I do not think that there can ever be enough books about anything and I say that knowing that some of them are going to be about Pilates.The more knowledge the better seems like a solid rule of thumb, even though I have watched enough science fiction films to accept that humanity’s unchecked pursuit of learning will end with robots taking over the world.-Sarah Vowell

Wednesday, September 27, 2017

Pay It Forward by Catherine Ryan Hyde


Arlene McKinney is a recovering alcoholic who works two jobs to make ends meet and to pay off a broken down truck that she co-signed with her boyfriend who disappeared and may be dead, but who likely isn't coming back.  She has a thirteen-year-old son, Trevor by him.  Trevor is a good kid who has a new social studies teacher at his school named Reuben St. Clair who was scarred physically by the Vietnam war and wears an eyepatch.
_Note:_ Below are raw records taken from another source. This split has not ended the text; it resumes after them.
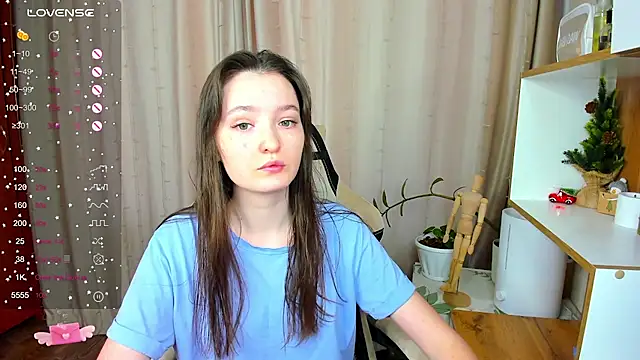 Snapshot of Fairyy_Moon chatting on 01/15/25, 09:45 Fairyy Moon online show from 01/15/25, 09:45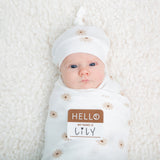 Lulujo - Bamboo Hat and Swaddle Blanket Gift Set - Daisies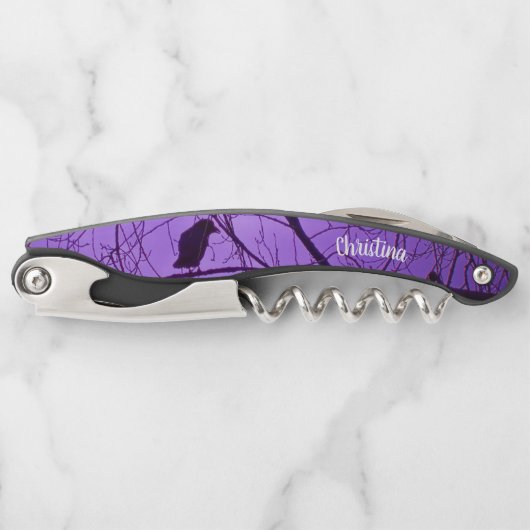 Silhouette van Black Crow in Tree Branches Paars Kurkentrekker (Voorkant)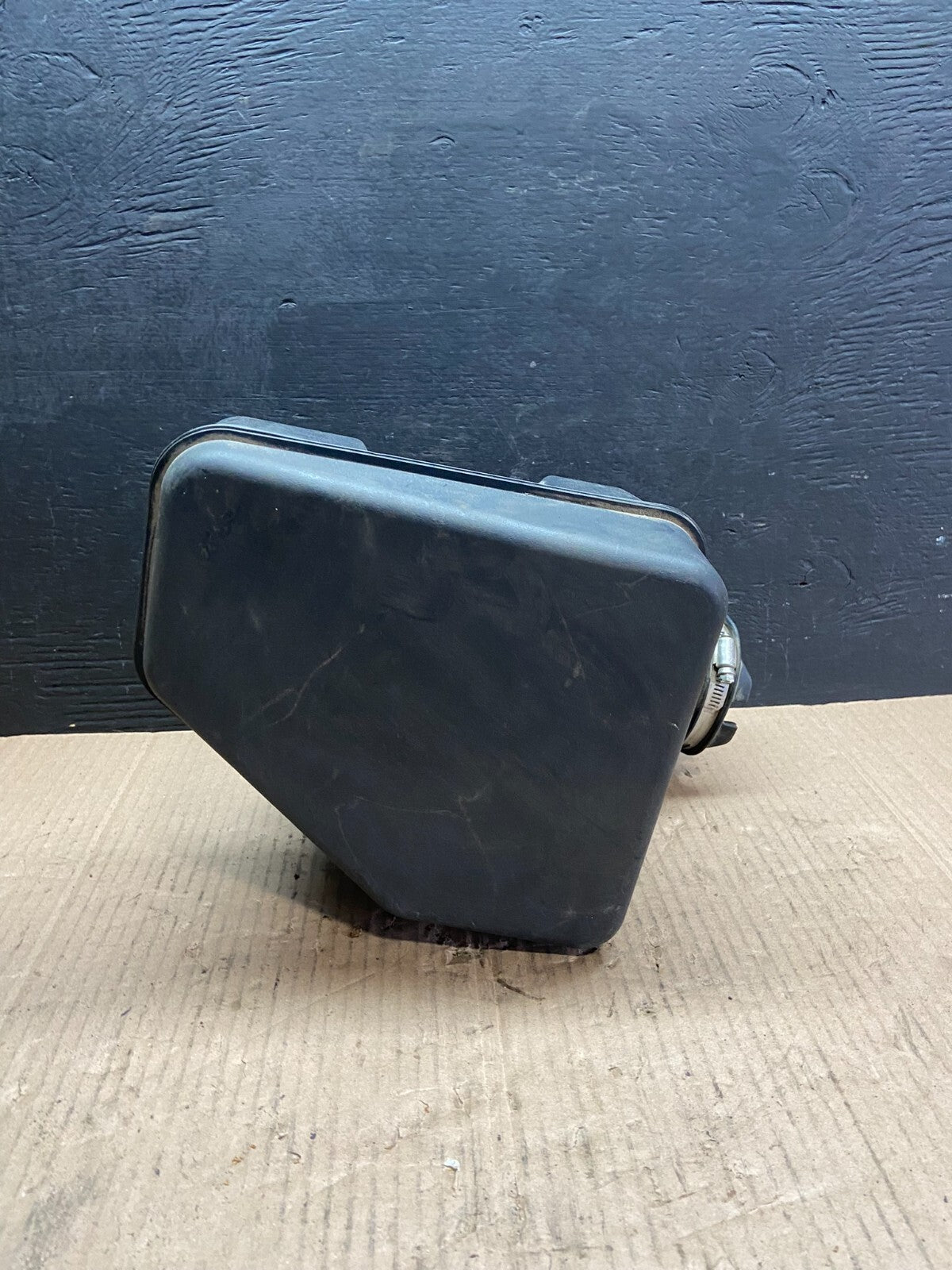 2007 to 2010 Lincoln MKX 3.7L Air Cleaner Box Resonator OEM D2692 DG14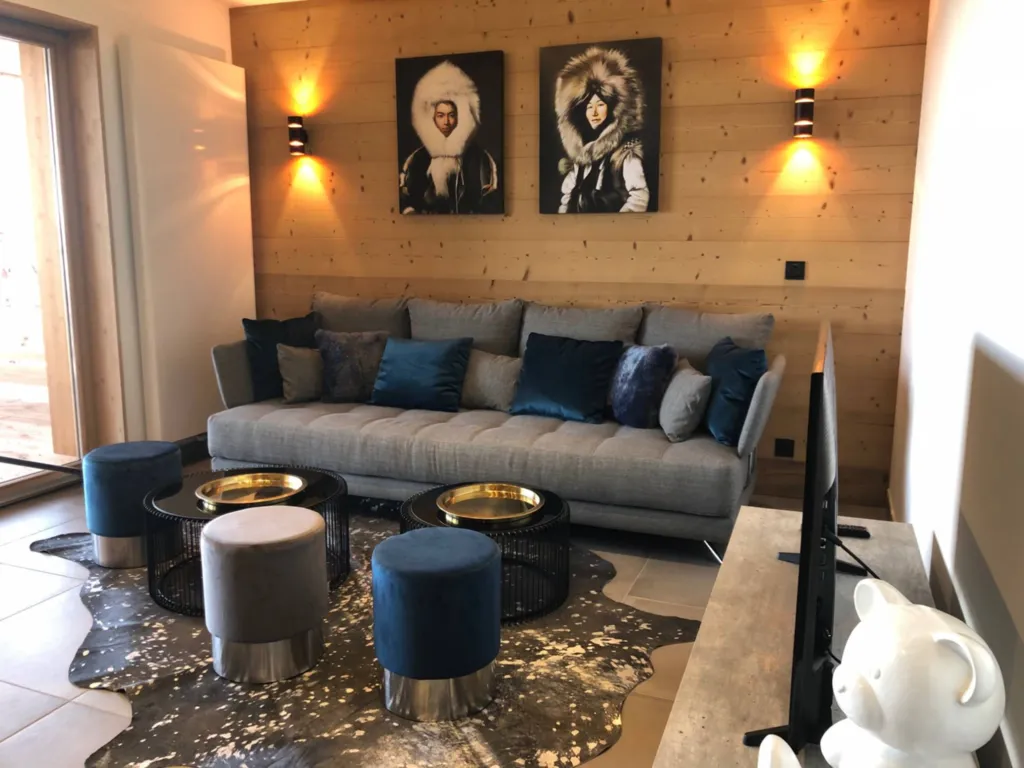 Vente d'un appartement T4 d'exception ski au pied meublé et décoré par un architecte d'intérieur au cœur de la station ARC 1800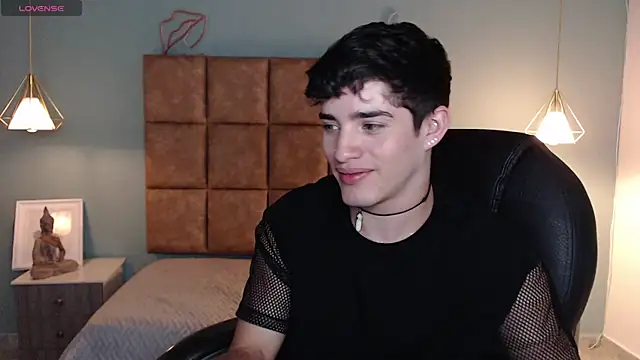 Snapshot of AlejooTwink chatting on 02/27/25, 12:32 AlejooTwink online show from 02/27/25, 12:32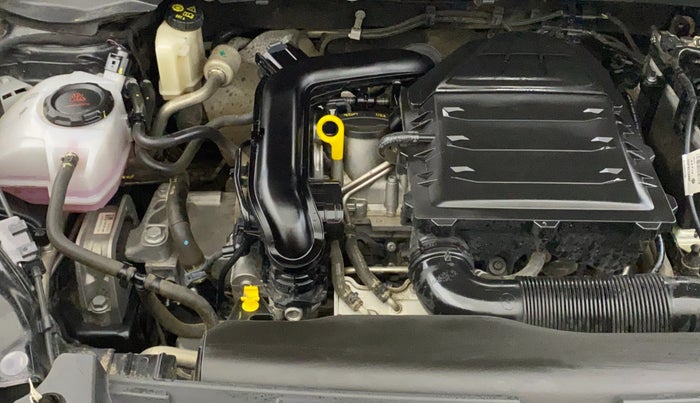 2024 Volkswagen TAIGUN TOPLINE 1.0 TSI MT, Petrol, Manual, 11,046 km, Engine View - Right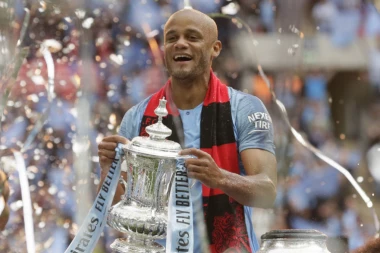 Povratak u Englesku: Vensan Kompani na Turf Muru!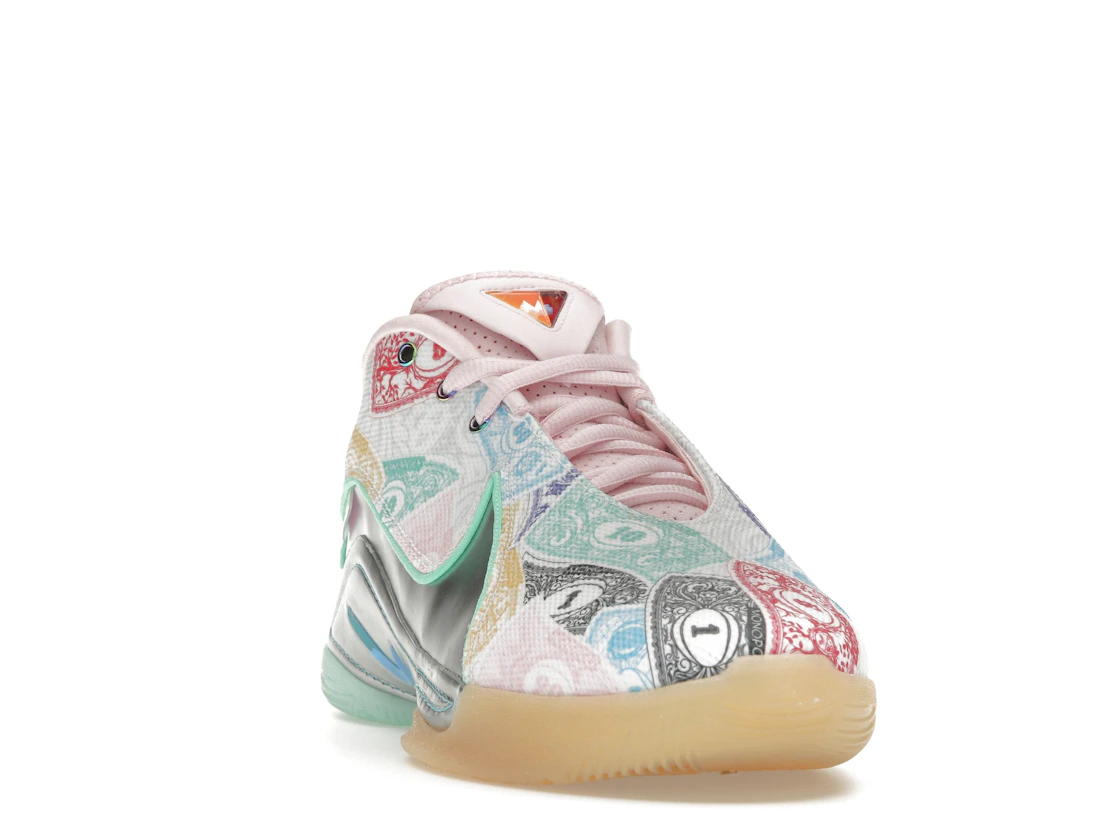 Vue 8 de Nike LeBron 22 Monopoly (Translucent Outsole)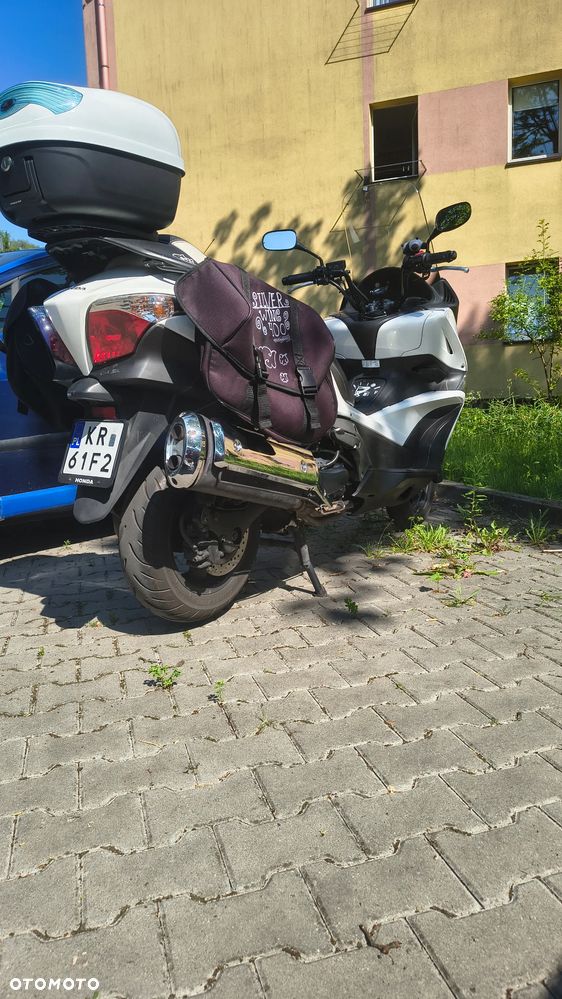 Honda Silver Wing - 8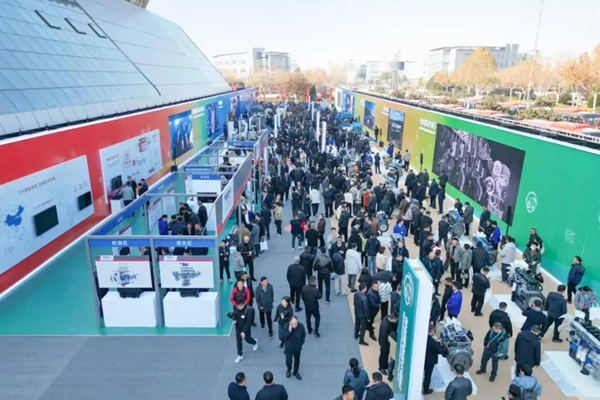 640-17_webp��WEBP �D����1080x810 ���أ�.jpg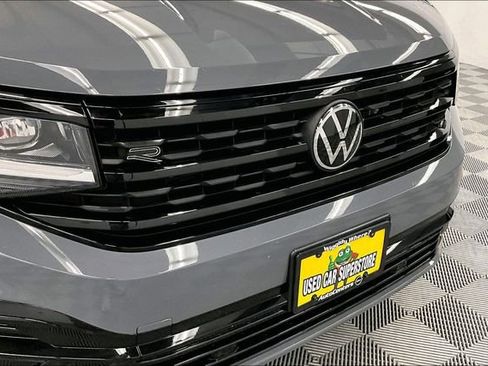 Used 2023 Volkswagen Atlas Cross Sport SEL R-Line AWD/4WD image 33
Reuben starts off his class every year in the new towns he seems to keep moving to with an extra credit assignment for those who choose to do it: Think of an idea for world change and put it into action.  Trevor gets an idea of what to do and sets about doing it. He takes his earnings from his paper route and places an ad in the paper that he will be giving it away to someone at a certain address on a certain day.  About forty people show up and he becomes concerned because he only wants to help one person, but a large group leaves when they see that it's only a kid.  So he decides to have them write an essay to determine why they should get it. A few more leave because they can't write. He picks out a homeless junkie named Jerry to help.  He buys him some new clothes and lets him take a shower in his home much to his mother's consternation.  Jerry is able to get a job working on cars and he helps Arlene by taking apart the truck to save her money as she is selling it for parts and it cuts into what she can get if the guy has to remove it himself.  All that Trevor asks is that Jerry does three things for three other people and have them do three things for three other people. He calls it the Pay It Forward system.  But Jerry will let him down by going back to jail.

The other person Trevor helps is Mrs. Greenberg, an elderly woman on his paper route. He takes care of her lawn and flowers.  He tells her about the Pay It Forward System.  But Trevor hears that she dies and believes that she never had time to pay it forward.  He does keep up her lawn and takes care of the stray cats that Mrs. Greenberg took care of just in case she is looking down from Heaven.

The third person on his list to help is Reuben.  He believes that Reuben and his mom should be together and that they would be happy.  But he feels he is doomed to fail on this front as well as the two keep acting defensively toward each other.  She believes that he looks down on her for her lack of education and he believes that she looks down on him for his hideous appearance.  They're both wrong, of course.  But that will not be the only obstacle to them getting together.  One bigger than the two can imagine will come between them.

This was a really good book. It was very well written with an idea that at the time of its publication seemed revolutionary.  It's a shame it didn't take hold.  Some people might have trouble with the different narrators as it can be confusing, though it wasn't to me.   I would like to take a moment here to point out that in the book Reuben is an African American and in the movie he is portrayed by Kevin Spacey, a fine actor who happens to be white.  That is a shame.  I also understand that the mioie really departs from the book for those who have seen it.  I do recommend this book.

Quotes
I no longer think I lack a judgment about men. I will never again say my instincts are poor, no sir, because how do I keep finding the same guy over and over?  I am beginning to think I have a very keen sense of judgment, only it would seem that it is on somebody else’s side.
-Catherine Ryan Hyde (Pay It Forward p 19)

Arlene started to say something back by couldn’t think what it should be and worried it would be a bad, weak-sounding something no matter how carefully she thought it up. So instead she poured two fingers of good old Jose Cuervo. The one man in her life who never told her lies, so you always knew what you would get.  And you could never say you didn’t know.
-Catherine Ryan Hyde (Pay It Forward p 23)

There was something clean and victorious about waking up feeling that bad. It meant he was alive still. That’s he’d survived again.
-Catherine Ryan Hyde (Pay It Forward p 159)

Much to Gordie’s surprise and relief, he found the ability to detach had not abandoned him. It would be another beating like so many before. He would watch it from a distance, and his skin and bones would heal. Or maybe this time not.  But he would be elsewhere as it happened, shut down.  When you don’t care anymore you deprive them of the joy of hurting you. Hard to hit somebody where they live if there’s nobody home.